In the green forest outside Berlin, a David and Goliath-style battle is playing out between electric carmaker Tesla and environmental campaigners who want to stop its planned "gigafactory".

From lizards to water, eco-bumps snag Tesla's giant Berlin car factory
Tesla's gigafactory outside the doors of Berlin. dpa-Zentralbild | Patrick Pleul

“When I saw on TV that the Tesla factory was going to be built here, I couldn’t believe it,” said Steffen Schorch, driving his trusty German-made car.

The 60-year-old from Erkner village in the Berlin commuter belt has become one of the faces of the fight against the US auto giant’s first European factory, due to open in the Brandenburg region near Berlin in July.

“Tesla needs far too much water, and the region does not have this water,” said the environmental activist, a local representative of the Nabu ecologist campaign group.

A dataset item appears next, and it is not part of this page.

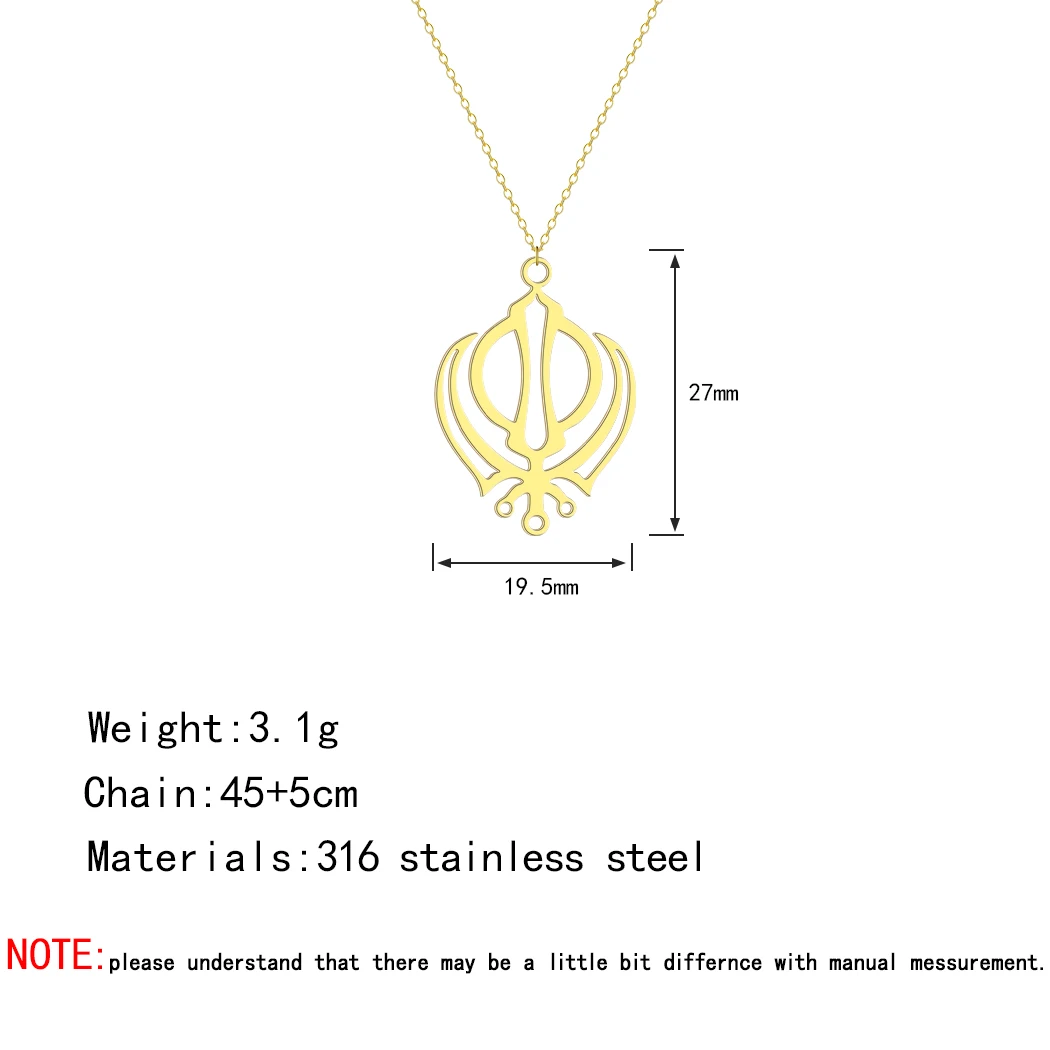 Stainless Steel  Hollow Out  Khanda Gold Plated  Pendant Necklace For Women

Announced in November 2019, Tesla’s gigafactory project was warmly welcomed as an endorsement of the “Made in Germany” quality mark – but was immediately met with opposition from local residents.

Demonstrations, legal action, open letters – residents have done everything in their power to delay the project, supported by powerful
environmental campaign groups Nabu and Gruene Liga.

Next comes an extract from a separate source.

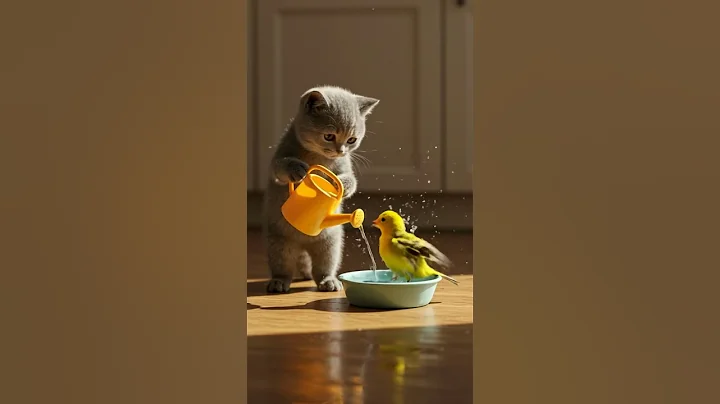 Watch the video about Warm Bathing Moment of Kitten and Parrot #shorts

Tesla was forced to temporarily suspend forest clearing last year after campaigners won an injunction over threats to the habitats of resident lizards and snakes during their winter slumber.

READ MORE: Is Germany’s Volkswagen becoming ‘the new Tesla’ as it ramps up e-vehicle production?

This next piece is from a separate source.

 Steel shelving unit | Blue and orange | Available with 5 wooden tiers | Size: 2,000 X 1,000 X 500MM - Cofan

And now they have focused their attention on water consumption – which could reach up to 3.6 million cubic metres a year, or around 30 percent of the region’s available supply, according to the ZDF public broadcaster.

The extra demand could place a huge burden on a region already affected by water shortages and hit by summer droughts for the past three years.

Local residents and environmentalists are also concerned about the impact on the wetlands, an important source of biodiversity in the region.

Tesla Street

“The water situation is bad, and will get worse,” Heiko Baschin, a spokesman for the neighbourhood association IG Freienbrink, told AFP.

Brandenburg’s environment minister Axel Vogel sought to play down the issue, saying in March that “capacity has not been exceeded for now”.

But the authorities admit that “the impact of droughts is significant” and have set up a working group to examine the issue in the long term.

The gigafactory is set to sprawl over 300 hectares – equivalent to approximately 560 football fields – southwest of the German capital.

Tesla is aiming to produce 500,000 electric vehicles a year at the plant, which will also be home to “the largest battery factory in the world”,
according to group boss Elon Musk.

In a little over a year and a half, swathes of coniferous forest have already been cleared to make way for vast concrete rectangles on a red earth base, accessed via the already iconic Tesla Strasse (Tesla Street).

German bureaucracy

The new site still has only provisional construction permits, but Tesla has been authorised by local officials to begin work at its own risk.

Final approval depends on an assessment of the project’s environmental impact – including the issue of water.

In theory, if approval is not granted, Tesla will have to dismantle the entire complex at its own expense.

But “pressure is being exerted (on the regulatory authorities), linked to Tesla’s significant investment”, Gruene Liga’s Michael Greschow told AFP.

In early April, Tesla said it was “irritated” by the slow pace of German bureaucracy, calling for exceptions to the rules for projects that help the environment.

Economy Minister Peter Altmaier agreed in April that his government “had not done enough” to reduce bureaucracy, lauding the gigafactory as a “very important project”.

Despite Germany’s reputation for efficiency, major infrastructure projects are often held up by bureaucracy criticised as excessive by the business community.

Among the most embarrassing examples are Berlin’s new airport which opened last October after an eight-year delay and Stuttgart’s new train station, which has been under construction since 2010.

Brandenburg’s economy minister, Joerg Steinbach, raised the possibility in February that the Tesla factory could be delayed beyond its July planned opening for the same reason.